The copy must match the data below line for line and contain no images.

=======

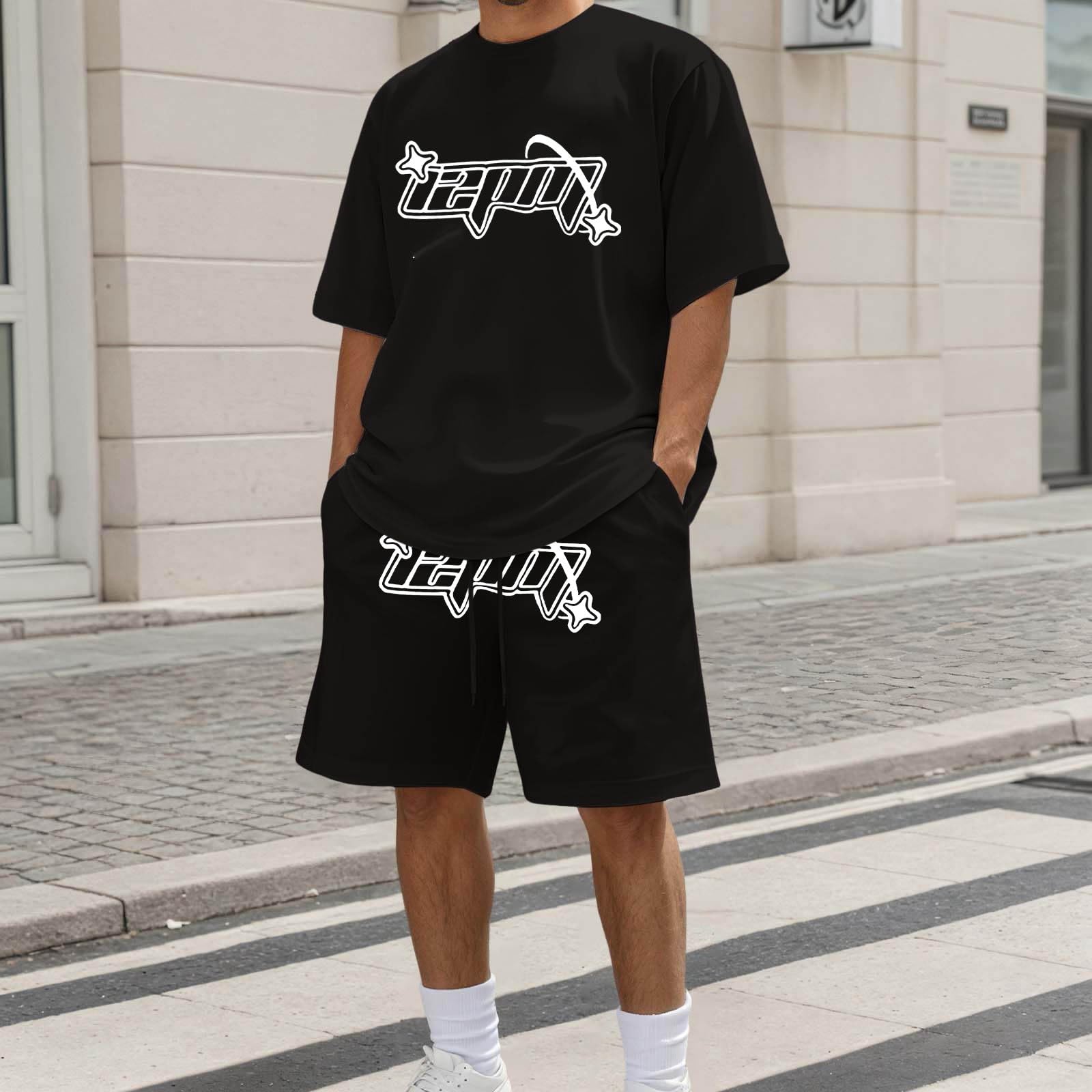 Conjunto Hombre de Verano para Hombre, Moderno, con Estampado de Letras, Informal, de Moda, de Talla Grande, Transpirable, de Manga Corta y Pantalones Cortos.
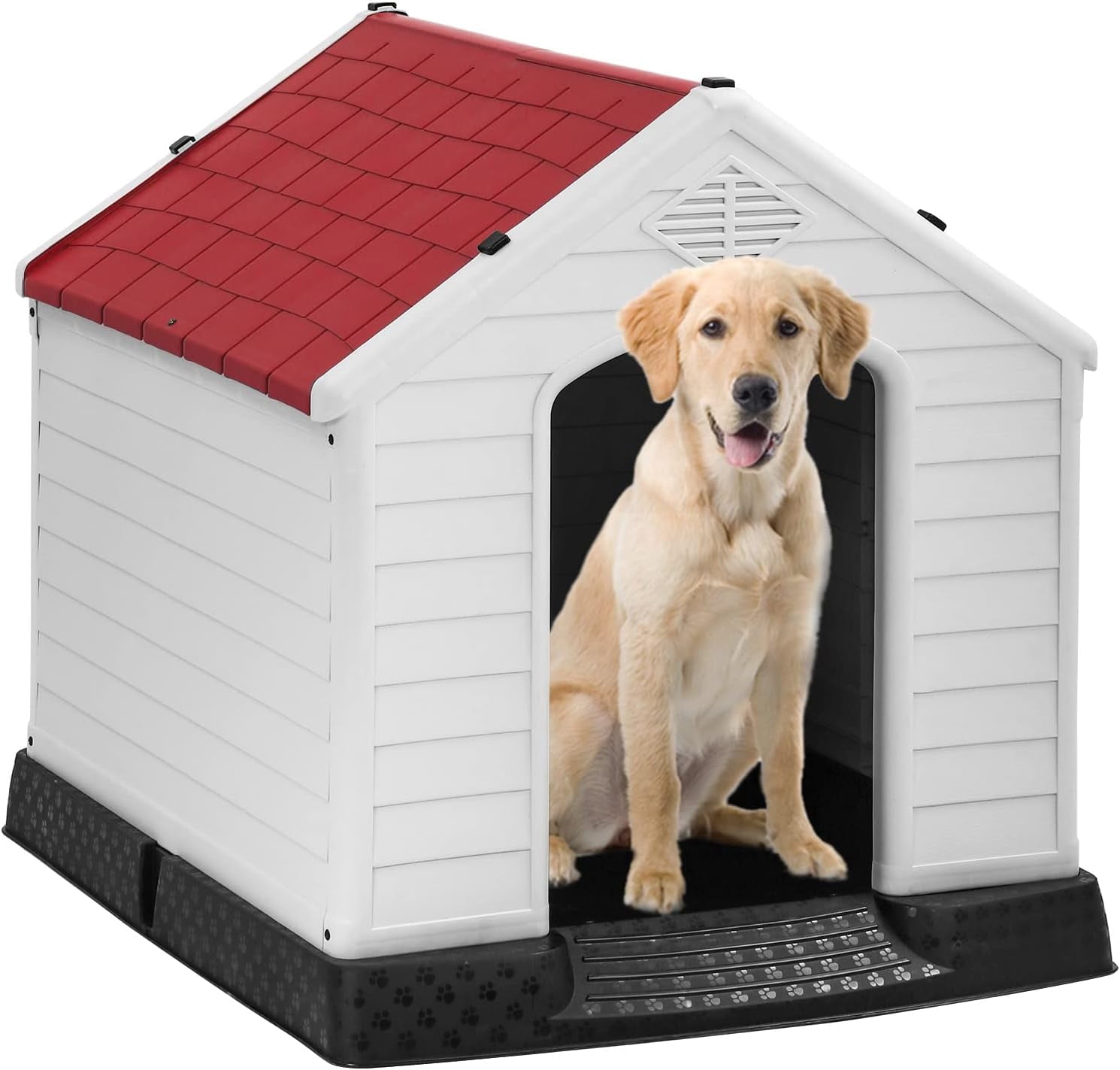 FDW Red Waterproof Plastic Pet House Indoor Outdoor Ventilated Shelter for Large Pets 41"L x 37"W x 39"H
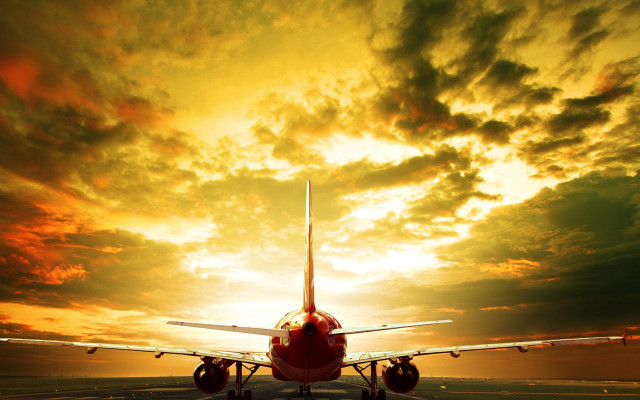 Plane runway sunset time beautiful free wallpaper - medium preview image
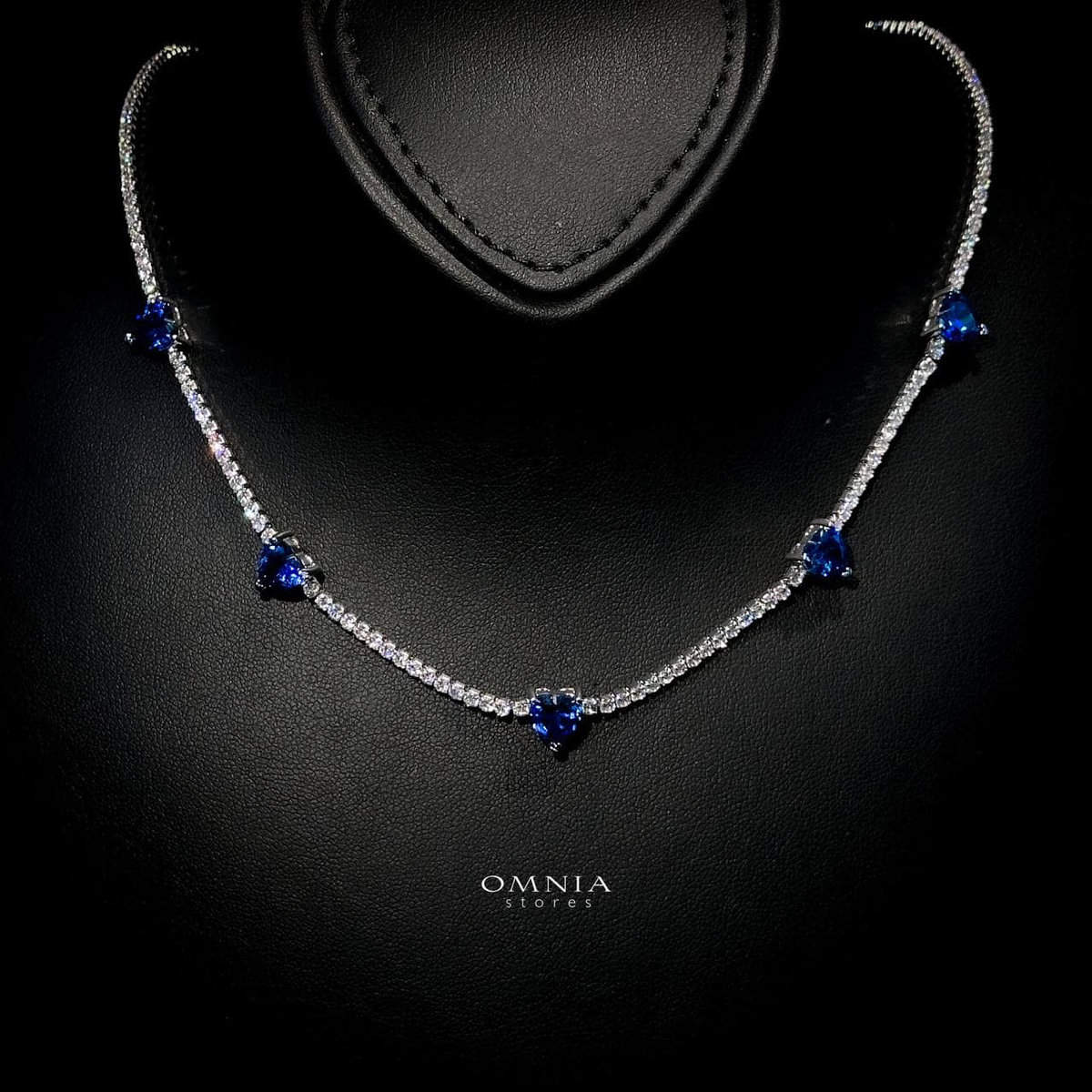 Omnia Louise Blue Necklace 92.5 Silver In High Quality Simulated diamonds - OMNIASTORES UAE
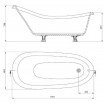 Окремостояча овальна ванна з мармуру Dremex Coco Gold 179x80,5x78,8 см, Gelcoat, білий глянцевий + сифон + ніжки Окремостояча овальна ванна з мармуру Dremex Coco Gold 179x80,5x78,8 см, Gelcoat, білий глянцевий + сифон + ніжки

=======

OUTPUT:
 Conjunto Hombre de Verano para Hombre, Moderno, con Estampado de Letras, Informal, de Moda, de Talla Grande, Transpirable, de Manga Corta y Pantalones Cortos.
 FDW Red Waterproof Plastic Pet House Indoor Outdoor Ventilated Shelter for Large Pets 41"L x 37"W x 39"H
 Plane runway sunset time beautiful free wallpaper - medium preview image
 Omnia Louise Blue Necklace 92.5 Silver In High Quality Simulated diamonds - OMNIASTORES UAE
 Окремостояча овальна ванна з мармуру Dremex Coco Gold 179x80,5x78,8 см, Gelcoat, білий глянцевий + сифон + ніжки Окремостояча овальна ванна з мармуру Dremex Coco Gold 179x80,5x78,8 см, Gelcoat, білий глянцевий + сифон + ніжки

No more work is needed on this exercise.